Verlogene Erwachsenenwelt

Wo der spitzeste Zahn der Karawanken in den Himmel hinauf fletscht -

Wo der spitzeste Zahn der Karawanken in den Himmel hinauf fletscht
von Julia Jost

Bewertet mit 4 Sternen

"Wo der spitzeste Zahn der Karawanken in den Himmel hinauf fletscht" von Julia Jost zieht von der ersten Seite an in den Bann mit seiner ehrlichen und entlarvenden Erzählweise aus Sicht der elfjährigen Erzählerin J., die mit scharfem Blick und entwaffnender Ehrlichkeit ihr Umfeld und deren Probleme betrachtet. J.s Familie wird umziehen, weshalb sie Beobachtungen und Erinnerungen aus ihrer dörflichen Umgebung schildert, in der sie bis dahin aufgewachsen ist.

Auf diese Weise wirft die Erzählerin einen schonungslosen Blick auf die dunklen Seiten der Erwachsenenwelt, in der Affären, grausame Erziehungsmethoden und rechtes Gedankengut die Norm sind. Durch einen anekdotischen Erzählstil werden Leser:innen tief in die Abgründe der menschlichen Natur gezogen, während gleichzeitig, immer wieder auch mit Spott und Ironie, die Heuchelei hinter den konservativen und rechtsextremen Werten der Erwachsenen entlarvt wird. 
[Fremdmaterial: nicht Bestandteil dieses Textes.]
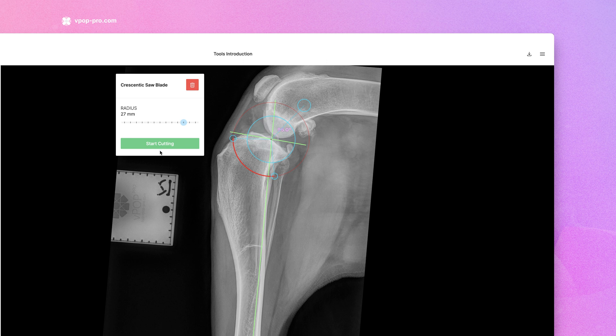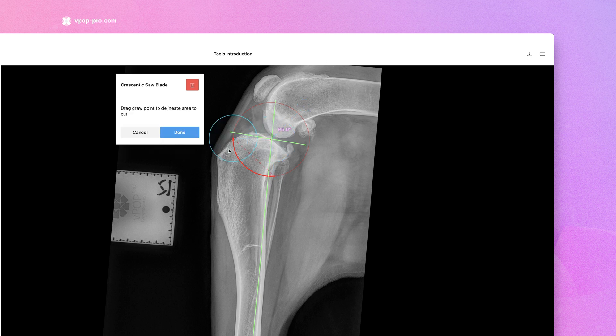When ready, start your cut. Now, delineate the fragment you wish to move.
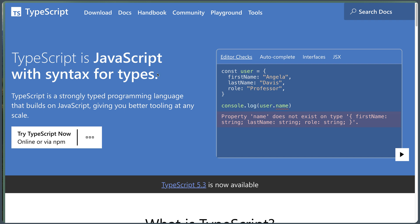We are going to learn TypeScript. TypeScript is a JavaScript tool with syntax for types. TypeScript is a strongly typed programming language that builds on JavaScript, giving you better tooling at any scale.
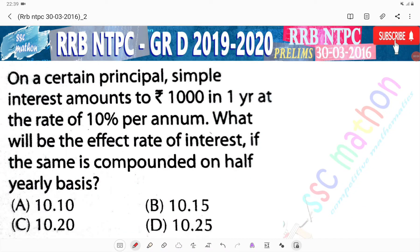Hello everyone, welcome back to Srinivasan Taranadhavi Indivisible Films 2016. On a certain principle, simple interest amounts to 1000 in one year at a rate of 10% per annum. What will be the effective rate of interest if the same is compounded on a half yearly basis?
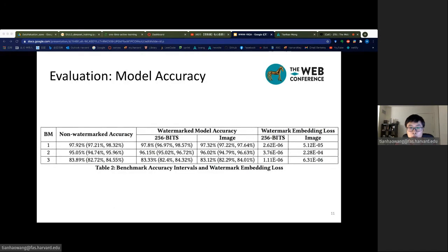We expect the accuracy of the watermarked deep learning model not to degrade compared to non-watermarked models. This table summarizes the accuracy of non-watermarked models and models with a watermark embedded by RIGA. The results demonstrate that RIGA maintains model accuracy by optimizing the original objective function while simultaneously embedding a watermark message. In some cases, we even observe a slight performance improvement, because watermark regularization helps the model avoid overfitting by introducing a small amount of noise.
Der Roman hat mich dennoch nicht hoffnungslos zurückgelassen - schließlich zeigt er auch Kinder, die keine Lust haben, beim Leben der Erwachsenen mitzumachen. Auch wenn sich die Ich-Erzählerin von ihrer Freundin und Verbündeten Luca wegen des Umzugs verabschieden muss, zeigt die Beziehung zu Luca die Möglichkeit, Freundschaft zu finden und sogar Verliebtheit zu empfinden. So zeigt J., dass es Raum für persönliches Wachstum und Empfindungen jenseits der engen Normen der Erwachsenen gibt, auch wenn sie dafür von der Welt der Erwachsenen immer wieder Bestrafungen ausgesetzt ist.

Der Roman ist eine definitive Empfehlung für Leser:innen von "Krummes Holz", "Kosakenberg" und allen, die gerne Romane zu Identitätsfindung und Sozialisationsprozessen in schwierigen Umgebungen lesen.